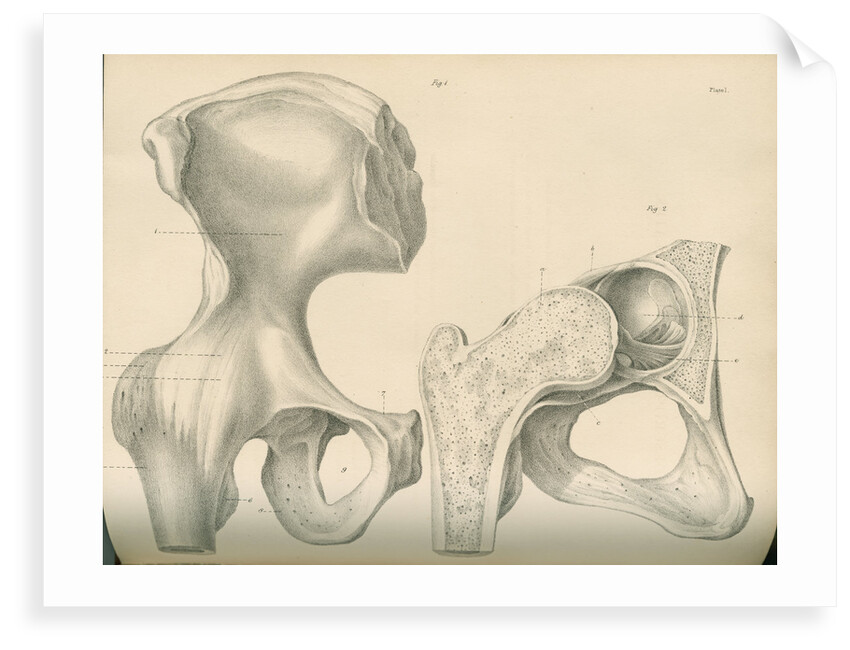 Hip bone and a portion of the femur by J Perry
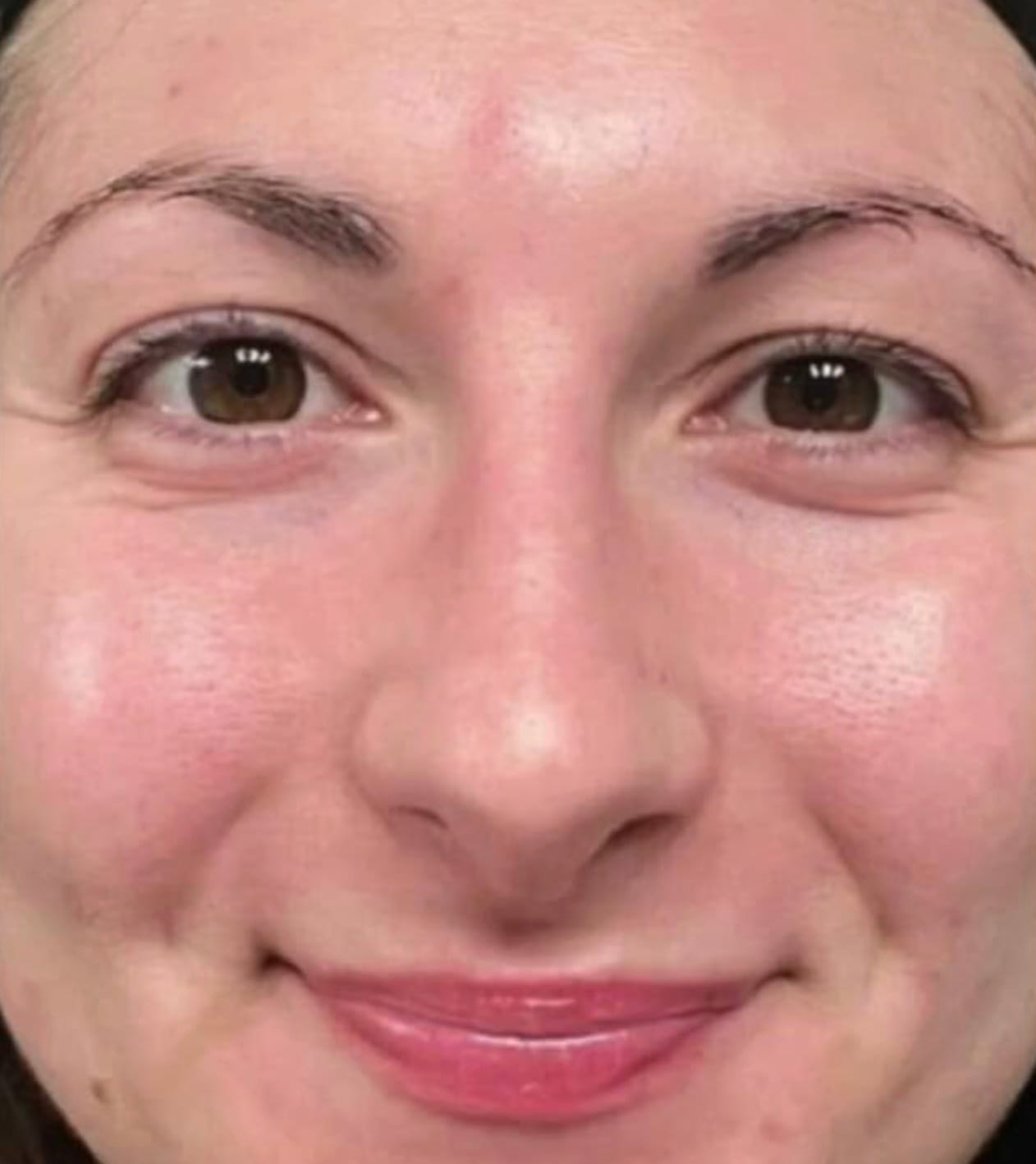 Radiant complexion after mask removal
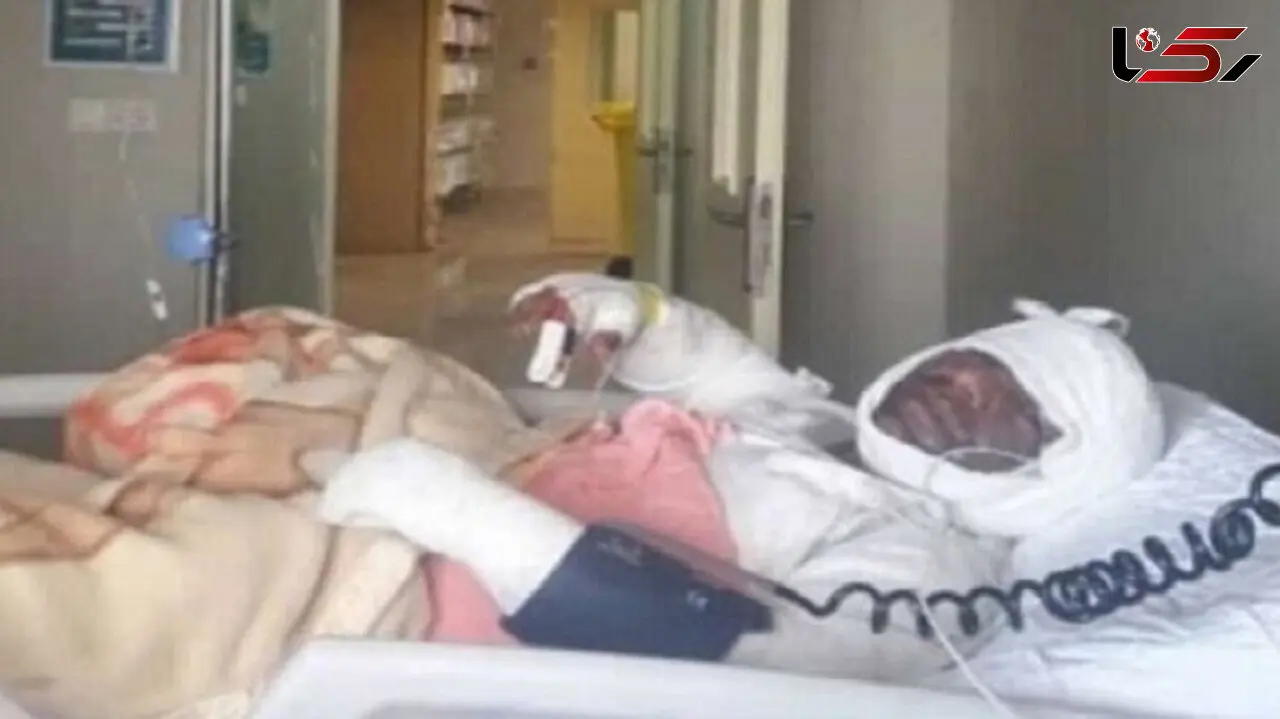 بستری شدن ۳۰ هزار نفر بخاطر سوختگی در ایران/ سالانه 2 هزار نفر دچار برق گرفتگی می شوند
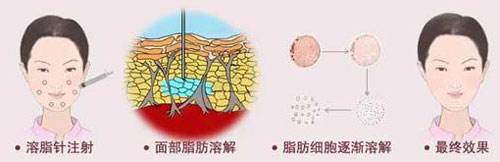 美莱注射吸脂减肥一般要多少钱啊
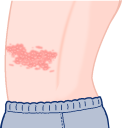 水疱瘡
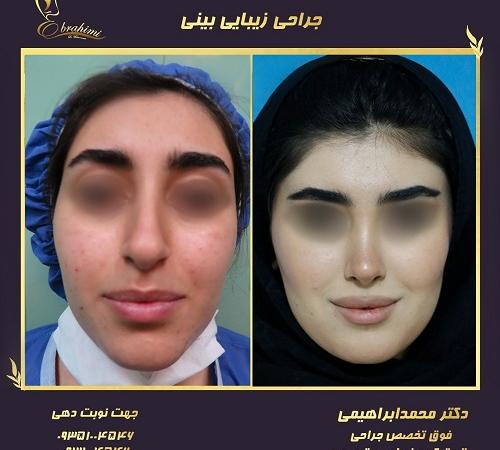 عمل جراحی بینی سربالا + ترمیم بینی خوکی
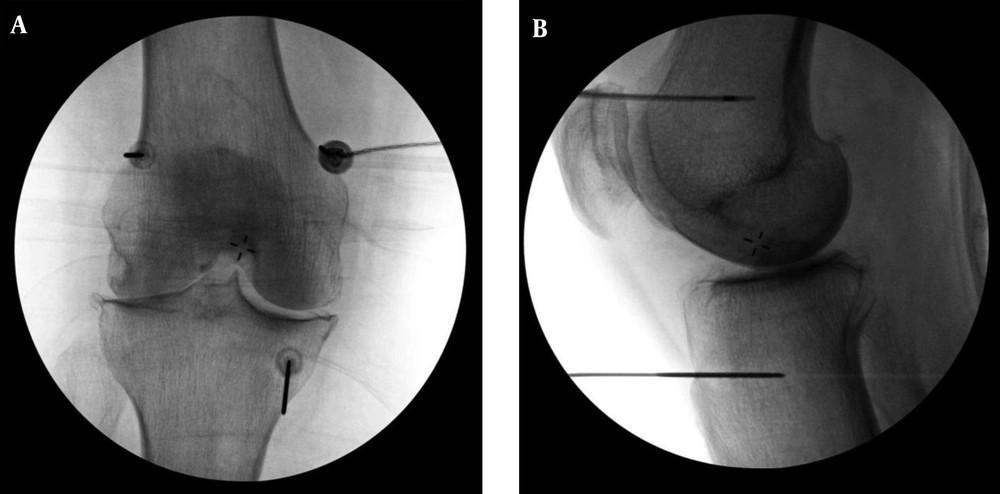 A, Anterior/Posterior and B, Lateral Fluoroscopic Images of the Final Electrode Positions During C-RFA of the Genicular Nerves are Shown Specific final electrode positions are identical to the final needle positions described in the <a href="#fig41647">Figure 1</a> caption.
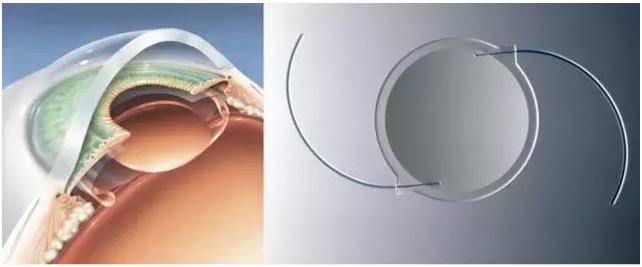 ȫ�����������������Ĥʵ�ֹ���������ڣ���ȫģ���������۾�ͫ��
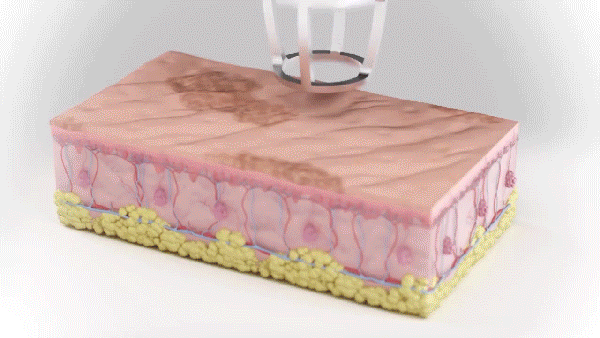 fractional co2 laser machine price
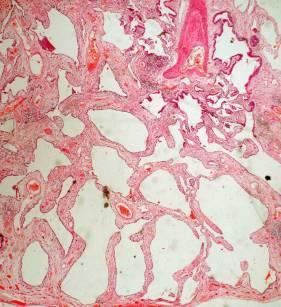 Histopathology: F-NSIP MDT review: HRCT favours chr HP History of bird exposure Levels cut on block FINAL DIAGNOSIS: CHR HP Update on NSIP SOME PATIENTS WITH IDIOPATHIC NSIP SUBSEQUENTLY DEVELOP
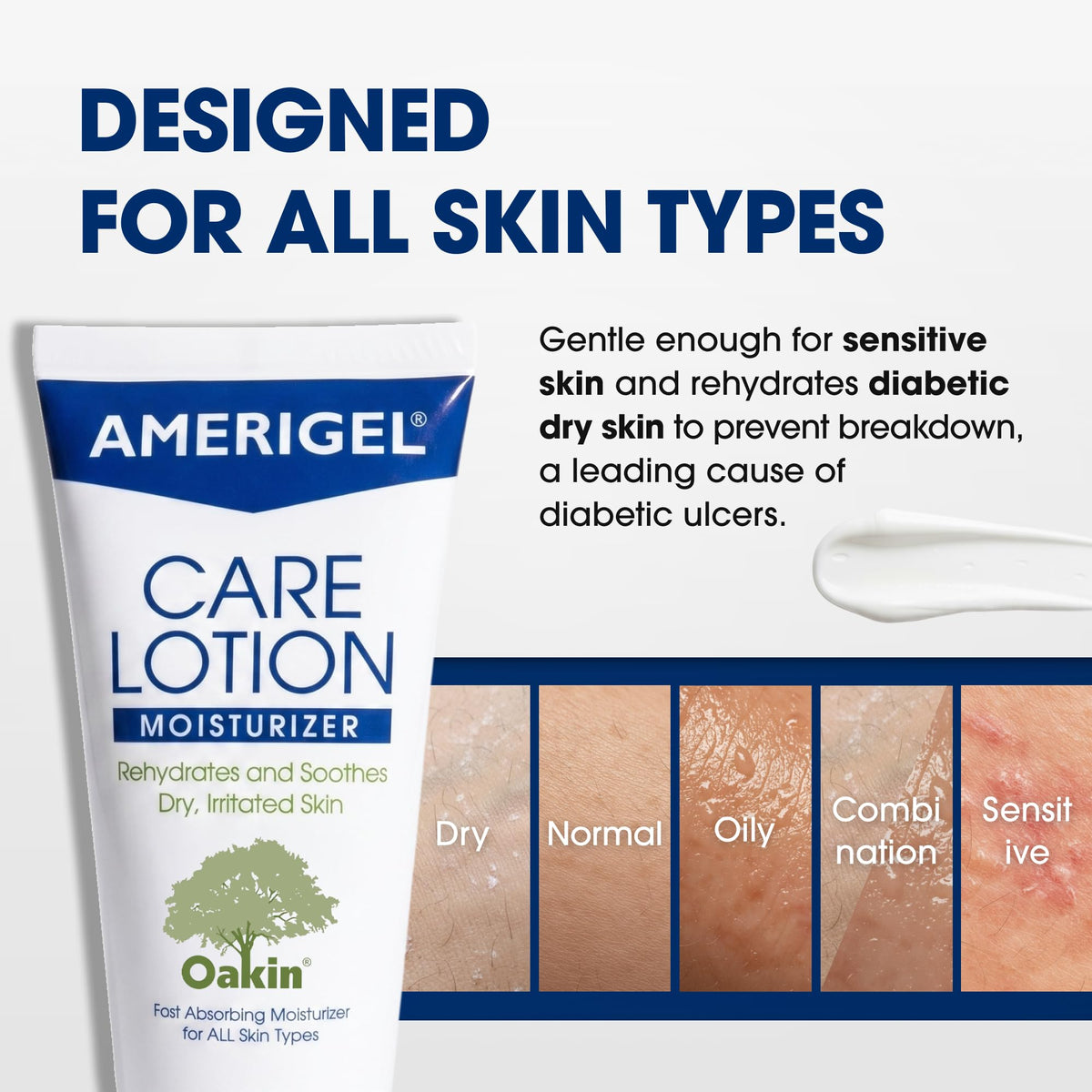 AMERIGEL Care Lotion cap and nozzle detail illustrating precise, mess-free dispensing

-*-

### Task prompt:
Would you restate, word for word, the lines from the one holding "fractional co2 laser machine price" through the end of the material above? Omit the pictures.

### Written answer:
 fractional co2 laser machine price
 Histopathology: F-NSIP MDT review: HRCT favours chr HP History of bird exposure Levels cut on block FINAL DIAGNOSIS: CHR HP Update on NSIP SOME PATIENTS WITH IDIOPATHIC NSIP SUBSEQUENTLY DEVELOP
 AMERIGEL Care Lotion cap and nozzle detail illustrating precise, mess-free dispensing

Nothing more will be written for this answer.